Exercise in exact copying: restate word for word only the lines below from the one containing "Jota Quest faz" through the one containing "191210 Carin Strömberg, goalkeeper", omitting any pictures.

## [Exercise data]
################
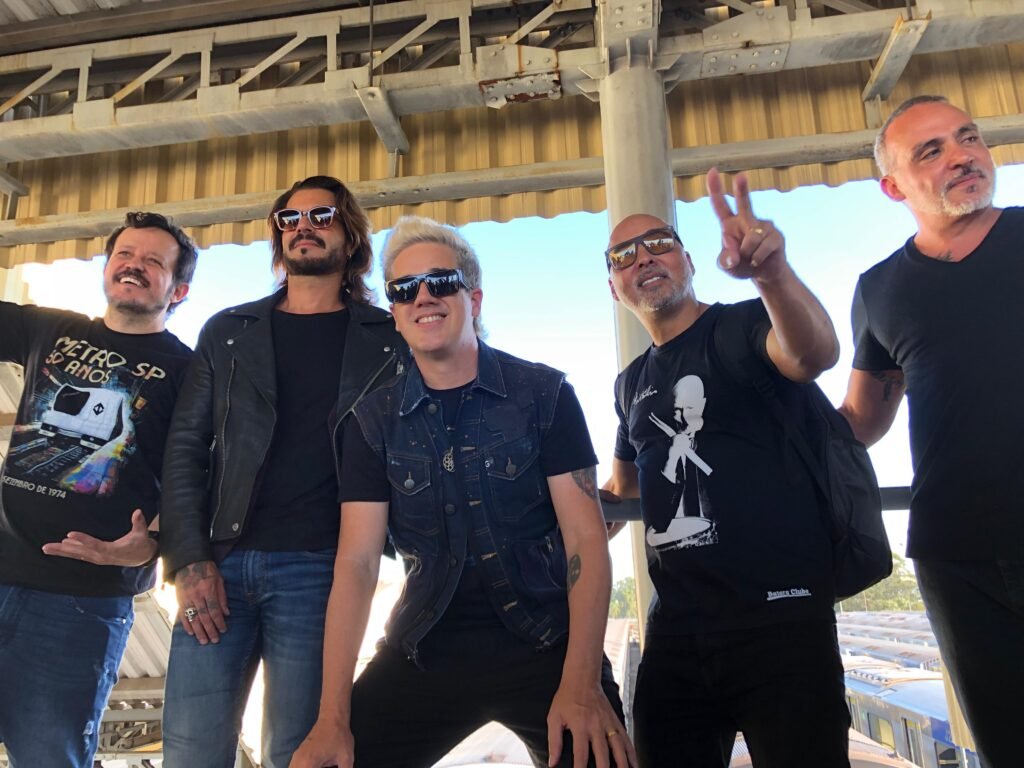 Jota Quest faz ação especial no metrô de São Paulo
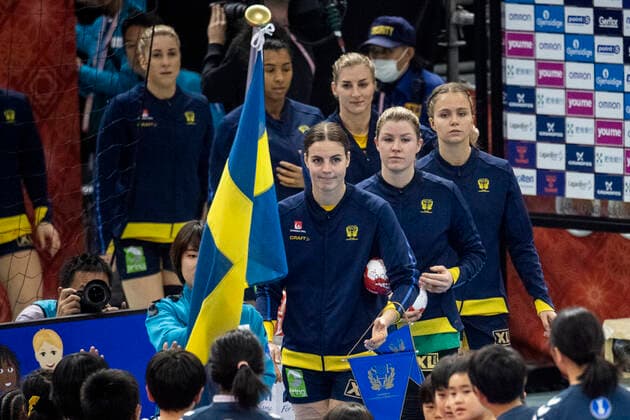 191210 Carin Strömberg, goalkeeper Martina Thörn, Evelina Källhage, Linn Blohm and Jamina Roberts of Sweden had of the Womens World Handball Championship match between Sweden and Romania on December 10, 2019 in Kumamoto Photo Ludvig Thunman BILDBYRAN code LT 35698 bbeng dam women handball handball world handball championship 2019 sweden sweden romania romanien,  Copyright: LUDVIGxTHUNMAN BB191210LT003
################
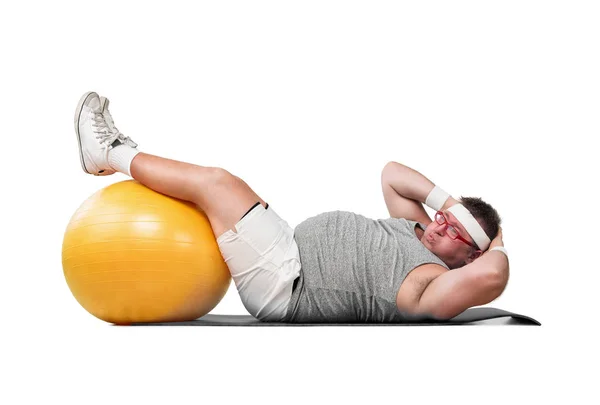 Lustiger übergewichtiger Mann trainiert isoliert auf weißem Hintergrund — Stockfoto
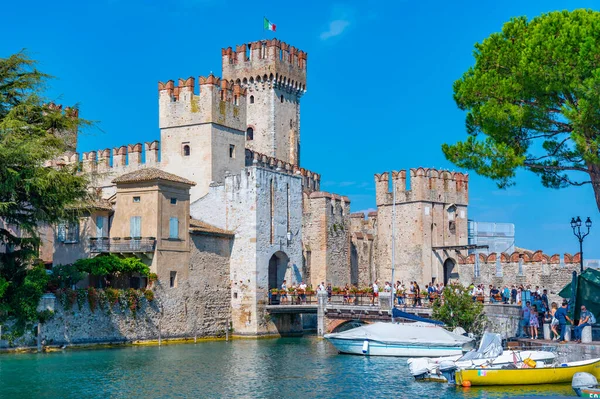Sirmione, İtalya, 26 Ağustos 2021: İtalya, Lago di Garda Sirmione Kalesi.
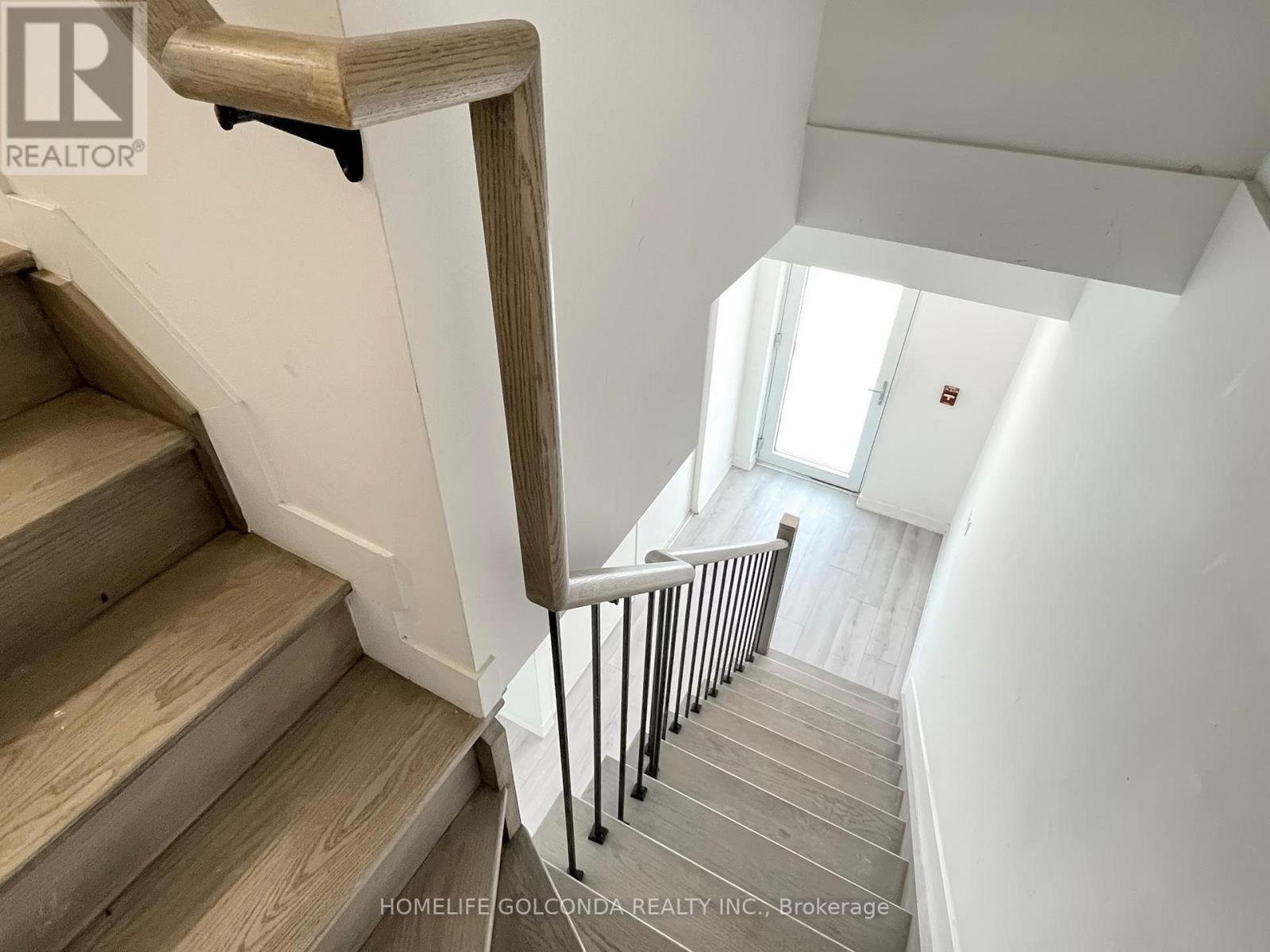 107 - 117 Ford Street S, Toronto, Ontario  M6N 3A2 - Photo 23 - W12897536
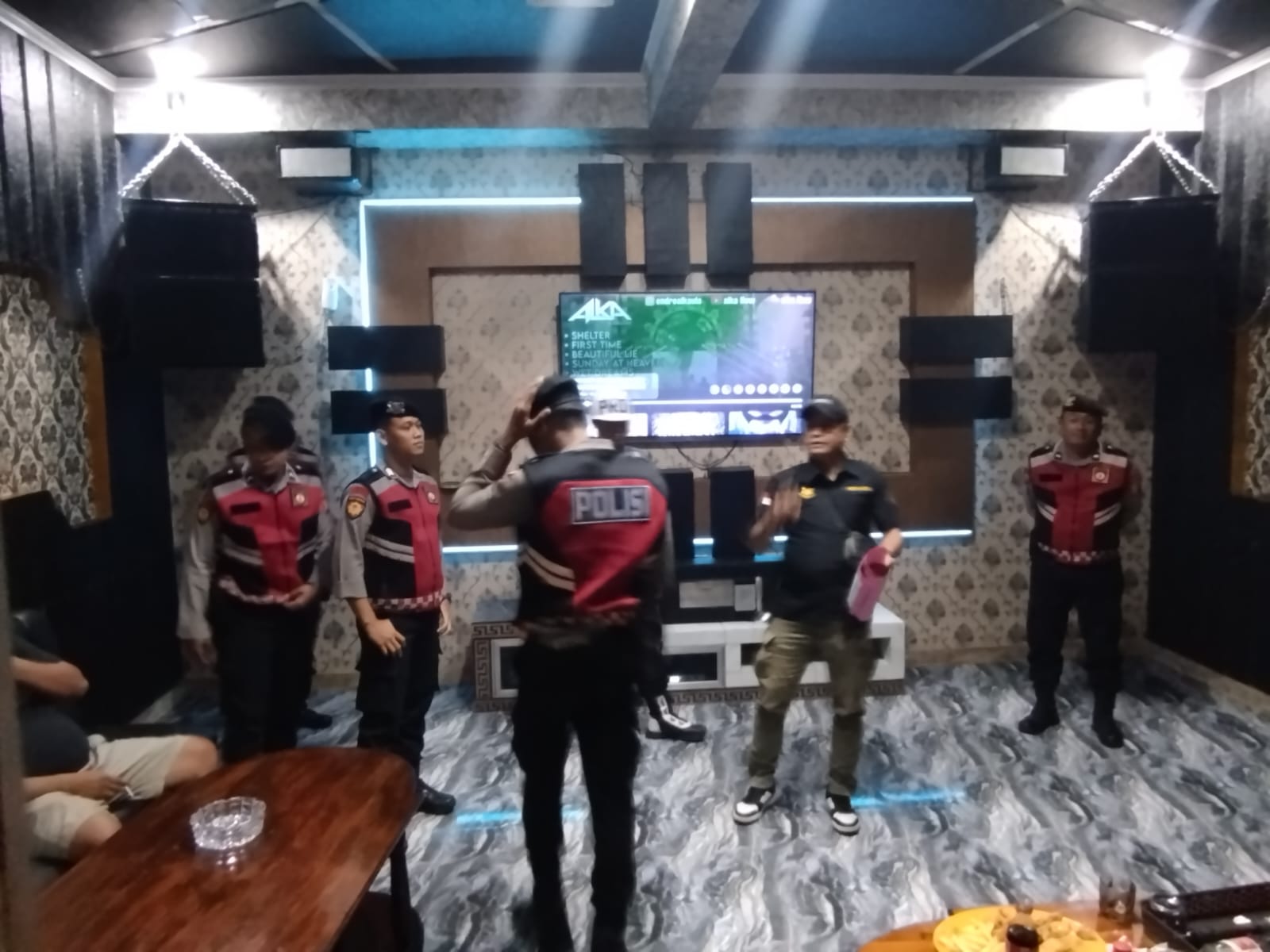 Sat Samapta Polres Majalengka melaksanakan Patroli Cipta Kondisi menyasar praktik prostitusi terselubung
################
## [Exercise solution]
 Jota Quest faz ação especial no metrô de São Paulo
 191210 Carin Strömberg, goalkeeper Martina Thörn, Evelina Källhage, Linn Blohm and Jamina Roberts of Sweden had of the Womens World Handball Championship match between Sweden and Romania on December 10, 2019 in Kumamoto Photo Ludvig Thunman BILDBYRAN code LT 35698 bbeng dam women handball handball world handball championship 2019 sweden sweden romania romanien,  Copyright: LUDVIGxTHUNMAN BB191210LT003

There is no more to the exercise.